STARTING A MEN’S SHED
US Men’s Shed Association History
The concept of a Men’s Shed started in Australia in the 1990’s, when it was recognized that men were often lonely, bored, and lacked socialization after retiring. The lack of socialization often led to health concerns and depression. It was felt that organizing a community outlet to address the issue would alleviate the problem of depression. Years of research have proven that physical and mental activity can improve our health and wellbeing. Men’s Sheds are organized to provide a place of camaraderie, activities, and learning, thus providing a means to stay socially active. The idea floated to the United States around 2017, and at present, there are more than 20 Men’s Sheds across the country.

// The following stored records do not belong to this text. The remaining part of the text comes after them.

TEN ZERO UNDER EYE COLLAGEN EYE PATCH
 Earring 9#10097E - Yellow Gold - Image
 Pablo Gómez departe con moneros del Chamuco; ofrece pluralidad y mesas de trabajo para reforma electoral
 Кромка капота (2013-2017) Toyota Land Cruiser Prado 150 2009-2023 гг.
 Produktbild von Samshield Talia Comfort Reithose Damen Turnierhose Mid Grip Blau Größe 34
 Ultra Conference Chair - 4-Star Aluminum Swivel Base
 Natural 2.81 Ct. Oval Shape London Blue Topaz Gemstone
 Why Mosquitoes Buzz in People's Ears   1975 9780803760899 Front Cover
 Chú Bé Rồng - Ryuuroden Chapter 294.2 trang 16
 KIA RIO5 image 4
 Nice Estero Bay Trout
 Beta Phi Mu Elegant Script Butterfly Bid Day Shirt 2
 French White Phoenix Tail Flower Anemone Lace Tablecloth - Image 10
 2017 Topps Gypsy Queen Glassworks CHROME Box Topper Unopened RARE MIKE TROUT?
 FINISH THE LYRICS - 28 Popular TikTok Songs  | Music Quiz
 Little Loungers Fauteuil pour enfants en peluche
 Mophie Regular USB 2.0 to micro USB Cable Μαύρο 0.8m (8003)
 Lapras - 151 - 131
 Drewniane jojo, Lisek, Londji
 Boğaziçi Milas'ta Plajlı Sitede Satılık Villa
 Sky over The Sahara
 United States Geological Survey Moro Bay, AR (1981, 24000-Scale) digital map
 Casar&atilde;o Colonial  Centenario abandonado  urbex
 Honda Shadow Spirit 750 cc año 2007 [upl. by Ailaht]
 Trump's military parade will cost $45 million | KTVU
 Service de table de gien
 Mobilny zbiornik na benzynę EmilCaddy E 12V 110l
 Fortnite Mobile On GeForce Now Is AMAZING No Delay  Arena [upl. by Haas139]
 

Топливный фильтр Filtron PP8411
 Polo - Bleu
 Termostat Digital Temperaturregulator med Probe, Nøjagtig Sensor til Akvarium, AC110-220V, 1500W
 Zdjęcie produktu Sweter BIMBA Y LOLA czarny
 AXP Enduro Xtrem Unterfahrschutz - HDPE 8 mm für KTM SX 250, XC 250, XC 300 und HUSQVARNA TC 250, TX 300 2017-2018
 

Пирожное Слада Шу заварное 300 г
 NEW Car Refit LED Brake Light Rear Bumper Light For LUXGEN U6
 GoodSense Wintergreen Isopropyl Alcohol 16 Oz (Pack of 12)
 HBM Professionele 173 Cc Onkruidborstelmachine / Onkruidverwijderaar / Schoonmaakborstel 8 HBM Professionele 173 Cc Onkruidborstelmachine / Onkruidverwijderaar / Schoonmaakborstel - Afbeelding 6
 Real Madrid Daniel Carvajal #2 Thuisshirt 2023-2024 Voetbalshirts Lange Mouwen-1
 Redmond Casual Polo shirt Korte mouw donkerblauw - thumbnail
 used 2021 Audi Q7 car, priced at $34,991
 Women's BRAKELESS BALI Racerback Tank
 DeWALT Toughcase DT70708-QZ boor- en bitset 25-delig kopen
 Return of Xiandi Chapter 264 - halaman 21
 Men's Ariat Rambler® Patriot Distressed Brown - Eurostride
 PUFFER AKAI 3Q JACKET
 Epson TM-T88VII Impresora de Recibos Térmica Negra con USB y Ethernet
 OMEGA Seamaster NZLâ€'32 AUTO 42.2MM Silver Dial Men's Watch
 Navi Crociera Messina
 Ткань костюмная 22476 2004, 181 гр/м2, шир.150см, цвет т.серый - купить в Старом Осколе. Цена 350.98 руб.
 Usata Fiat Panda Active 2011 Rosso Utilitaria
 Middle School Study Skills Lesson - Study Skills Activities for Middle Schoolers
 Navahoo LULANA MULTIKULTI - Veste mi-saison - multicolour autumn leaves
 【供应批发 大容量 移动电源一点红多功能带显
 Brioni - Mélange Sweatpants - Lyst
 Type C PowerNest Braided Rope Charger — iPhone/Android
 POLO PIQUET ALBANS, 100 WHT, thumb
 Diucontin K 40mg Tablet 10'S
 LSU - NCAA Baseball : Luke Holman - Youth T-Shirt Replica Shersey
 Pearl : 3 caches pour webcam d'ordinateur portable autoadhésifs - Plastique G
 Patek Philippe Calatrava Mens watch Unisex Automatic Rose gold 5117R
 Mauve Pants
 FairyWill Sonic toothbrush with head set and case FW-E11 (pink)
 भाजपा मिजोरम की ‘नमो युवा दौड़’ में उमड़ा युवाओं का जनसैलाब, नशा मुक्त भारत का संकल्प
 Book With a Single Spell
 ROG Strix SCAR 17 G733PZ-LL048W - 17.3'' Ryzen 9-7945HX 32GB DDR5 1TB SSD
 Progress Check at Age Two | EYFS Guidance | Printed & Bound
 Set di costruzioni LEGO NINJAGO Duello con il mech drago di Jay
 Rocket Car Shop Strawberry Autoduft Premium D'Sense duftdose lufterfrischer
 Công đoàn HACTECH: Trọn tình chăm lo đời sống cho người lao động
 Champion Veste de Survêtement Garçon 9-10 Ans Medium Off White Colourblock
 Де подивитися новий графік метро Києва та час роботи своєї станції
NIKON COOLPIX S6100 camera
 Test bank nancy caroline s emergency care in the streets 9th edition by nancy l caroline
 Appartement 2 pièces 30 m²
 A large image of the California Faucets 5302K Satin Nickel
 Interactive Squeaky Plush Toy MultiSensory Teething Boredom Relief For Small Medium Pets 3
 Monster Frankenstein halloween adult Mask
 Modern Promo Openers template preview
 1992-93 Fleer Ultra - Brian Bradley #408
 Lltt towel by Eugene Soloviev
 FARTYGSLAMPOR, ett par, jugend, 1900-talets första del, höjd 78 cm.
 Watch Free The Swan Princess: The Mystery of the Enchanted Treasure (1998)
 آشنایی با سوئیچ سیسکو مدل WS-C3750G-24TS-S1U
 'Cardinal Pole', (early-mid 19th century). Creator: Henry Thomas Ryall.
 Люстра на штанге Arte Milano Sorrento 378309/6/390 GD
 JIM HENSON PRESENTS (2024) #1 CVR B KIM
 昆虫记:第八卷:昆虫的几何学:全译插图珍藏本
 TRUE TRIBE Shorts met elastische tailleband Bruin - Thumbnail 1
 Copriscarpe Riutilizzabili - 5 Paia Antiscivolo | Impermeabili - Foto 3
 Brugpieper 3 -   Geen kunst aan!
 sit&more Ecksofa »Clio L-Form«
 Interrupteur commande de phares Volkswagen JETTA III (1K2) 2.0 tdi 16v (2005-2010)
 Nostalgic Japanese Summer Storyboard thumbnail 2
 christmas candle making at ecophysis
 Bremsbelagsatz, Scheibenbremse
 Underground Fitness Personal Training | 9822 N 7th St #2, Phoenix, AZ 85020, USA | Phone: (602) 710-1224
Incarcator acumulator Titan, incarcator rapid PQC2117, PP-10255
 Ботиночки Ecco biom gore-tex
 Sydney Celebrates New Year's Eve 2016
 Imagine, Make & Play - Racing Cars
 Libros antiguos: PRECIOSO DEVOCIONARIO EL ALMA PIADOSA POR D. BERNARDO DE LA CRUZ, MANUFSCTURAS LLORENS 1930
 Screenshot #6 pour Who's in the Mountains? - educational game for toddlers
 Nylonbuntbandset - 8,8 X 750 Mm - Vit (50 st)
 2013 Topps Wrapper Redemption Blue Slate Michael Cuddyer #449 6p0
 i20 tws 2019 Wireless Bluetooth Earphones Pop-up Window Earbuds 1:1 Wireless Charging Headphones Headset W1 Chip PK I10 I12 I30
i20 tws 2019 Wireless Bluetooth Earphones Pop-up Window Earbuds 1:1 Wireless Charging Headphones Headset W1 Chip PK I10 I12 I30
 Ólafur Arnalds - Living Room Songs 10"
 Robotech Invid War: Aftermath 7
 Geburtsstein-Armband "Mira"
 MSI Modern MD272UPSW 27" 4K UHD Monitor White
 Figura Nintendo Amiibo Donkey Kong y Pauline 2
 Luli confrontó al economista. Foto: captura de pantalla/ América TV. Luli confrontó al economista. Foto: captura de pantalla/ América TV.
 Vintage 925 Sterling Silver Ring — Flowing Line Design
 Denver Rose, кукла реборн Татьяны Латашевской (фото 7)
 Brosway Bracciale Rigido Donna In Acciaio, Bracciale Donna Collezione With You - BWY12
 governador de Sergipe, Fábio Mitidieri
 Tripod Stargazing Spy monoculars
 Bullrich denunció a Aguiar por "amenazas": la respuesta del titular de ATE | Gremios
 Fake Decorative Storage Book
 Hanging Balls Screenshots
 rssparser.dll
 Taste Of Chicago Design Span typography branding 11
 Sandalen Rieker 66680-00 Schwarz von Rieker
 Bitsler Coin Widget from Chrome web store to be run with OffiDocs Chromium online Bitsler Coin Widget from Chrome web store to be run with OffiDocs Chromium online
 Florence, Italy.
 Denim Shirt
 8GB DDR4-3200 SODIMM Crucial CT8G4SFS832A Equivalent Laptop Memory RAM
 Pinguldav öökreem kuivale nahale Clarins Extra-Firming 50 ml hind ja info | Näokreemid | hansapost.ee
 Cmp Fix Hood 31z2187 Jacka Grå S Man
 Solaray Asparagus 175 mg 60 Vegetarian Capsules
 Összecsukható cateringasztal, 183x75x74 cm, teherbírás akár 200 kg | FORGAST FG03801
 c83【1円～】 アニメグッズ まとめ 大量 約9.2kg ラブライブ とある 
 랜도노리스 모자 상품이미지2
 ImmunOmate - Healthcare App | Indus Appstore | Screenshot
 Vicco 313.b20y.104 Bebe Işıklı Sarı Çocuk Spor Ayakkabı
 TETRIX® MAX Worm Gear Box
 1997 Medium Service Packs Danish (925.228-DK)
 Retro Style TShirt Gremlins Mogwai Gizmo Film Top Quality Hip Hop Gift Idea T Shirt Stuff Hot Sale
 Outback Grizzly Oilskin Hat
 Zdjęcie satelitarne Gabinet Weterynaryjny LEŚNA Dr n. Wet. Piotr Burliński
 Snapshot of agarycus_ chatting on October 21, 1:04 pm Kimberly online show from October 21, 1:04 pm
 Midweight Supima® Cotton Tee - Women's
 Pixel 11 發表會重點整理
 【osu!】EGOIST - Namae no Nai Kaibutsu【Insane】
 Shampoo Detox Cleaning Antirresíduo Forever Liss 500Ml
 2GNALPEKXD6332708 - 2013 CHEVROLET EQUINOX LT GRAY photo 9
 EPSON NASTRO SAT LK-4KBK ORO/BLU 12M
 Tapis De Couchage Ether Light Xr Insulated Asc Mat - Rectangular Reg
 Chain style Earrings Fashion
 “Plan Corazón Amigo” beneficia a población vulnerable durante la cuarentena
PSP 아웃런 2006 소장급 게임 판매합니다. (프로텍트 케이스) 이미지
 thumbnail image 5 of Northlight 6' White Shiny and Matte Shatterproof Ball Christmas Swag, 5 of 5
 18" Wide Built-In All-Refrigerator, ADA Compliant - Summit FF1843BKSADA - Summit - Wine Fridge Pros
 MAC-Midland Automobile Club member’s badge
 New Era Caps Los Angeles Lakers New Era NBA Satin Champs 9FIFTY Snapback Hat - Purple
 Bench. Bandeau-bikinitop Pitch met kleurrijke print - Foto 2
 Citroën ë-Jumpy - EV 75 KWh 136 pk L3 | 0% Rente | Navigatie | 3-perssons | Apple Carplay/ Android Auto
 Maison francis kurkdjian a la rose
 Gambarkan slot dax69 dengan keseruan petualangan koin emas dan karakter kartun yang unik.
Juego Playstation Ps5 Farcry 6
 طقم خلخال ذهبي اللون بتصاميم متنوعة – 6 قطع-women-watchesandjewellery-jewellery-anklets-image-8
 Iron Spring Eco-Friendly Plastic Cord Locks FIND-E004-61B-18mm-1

The USMSA is comprised of several individuals who donate their time to grow the movement in the US and help men lead better lives. If you are interested in starting a shed or joining a shed, we are here to help you.
To that end, this booklet will provide some of the information you will need to start a shed. The guide is designed to help you understand what is typically involved in starting and running a Men’s Shed. But you will find that there is no ‘template’ for a Men’s Shed. Each shed is individually run, and activities are decided upon by the members. So, use the information you need but don’t be surprised if you don’t need all of it. If you need additional information, we’re here to help.
We will provide support and help as you make your way to organizing and starting your shed.
We hope that once you realize the benefits of belonging to a Shed you will be excited about being a Shedder!
This document is provided by the US Men’s Shed Association for general interest on the given topic. It does not claim to be a comprehensive breakdown of all things relevant to the subject matter and not all the information will be relevant to every Shed’s journey. You should not, under any circumstance, regard the information as consultuting legal or accounting advice and it should not be relied on as such. In relation to specific problems, users are advised to seek professional advice.
Develop a Steering Committee
Starting a shed by yourself can be overwhelming. The first thing to do is to gather a Steering Committee. Since Sheds are a place where men come together, it’s best to start with a few men to share the work. Spread the word and if your friends like the idea of a Men’s Shed, get them involved. If you need more help, speak to community groups, clubs, and churches.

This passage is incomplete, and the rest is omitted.